### Items from a dataset
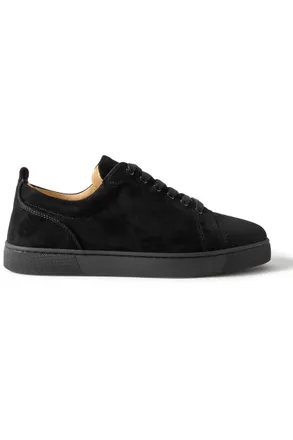 Christian Louboutin Louis Junior Suede Sneakers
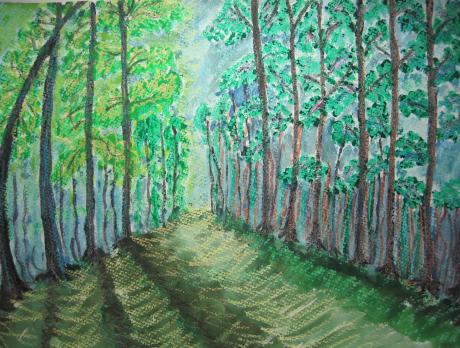 Neues Kunstwerk - - auf - - Neues Kunstwerk - - auf - -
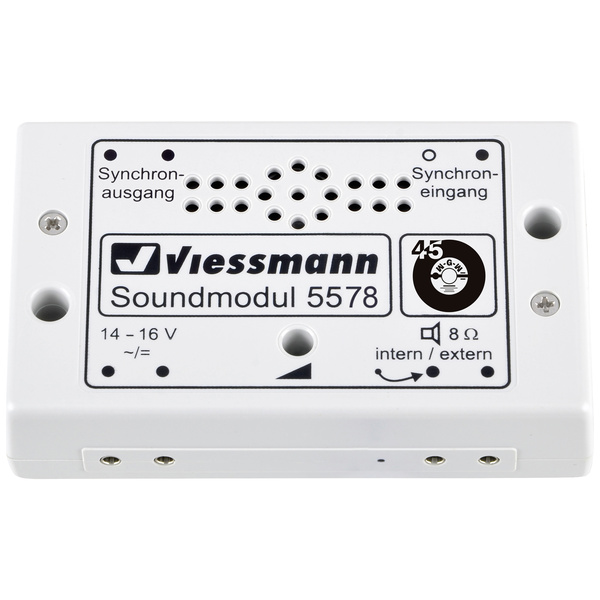 Viessmann Modelltechnik 5578 Soundmodul Jukebox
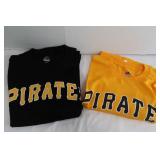 2 Pittsburgh Pirate T-Shirts(Medium)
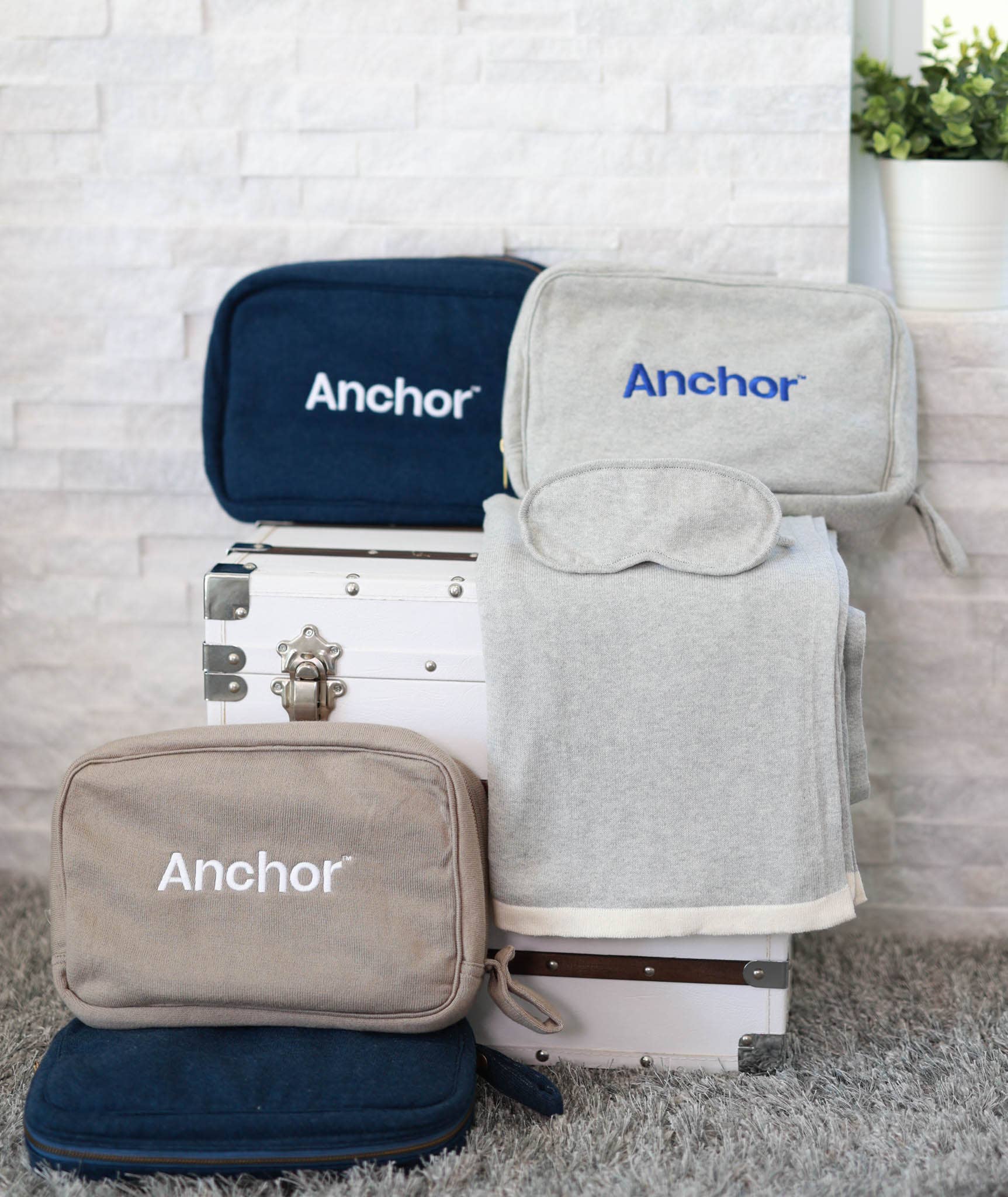 Darzzi - Wholesale Travel Set - Stripe Cotton knit Travel Set3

### WHAT IS REQUIRED
Your answer should consist solely of the lines from the one with "Neues Kunstwerk - - auf - - Neues" through the last line of the entries, restated word for word, with the pictures omitted.

### RESPONSE TO THIS TASK
 Neues Kunstwerk - - auf - - Neues Kunstwerk - - auf - -
 Viessmann Modelltechnik 5578 Soundmodul Jukebox
 2 Pittsburgh Pirate T-Shirts(Medium)
 Darzzi - Wholesale Travel Set - Stripe Cotton knit Travel Set3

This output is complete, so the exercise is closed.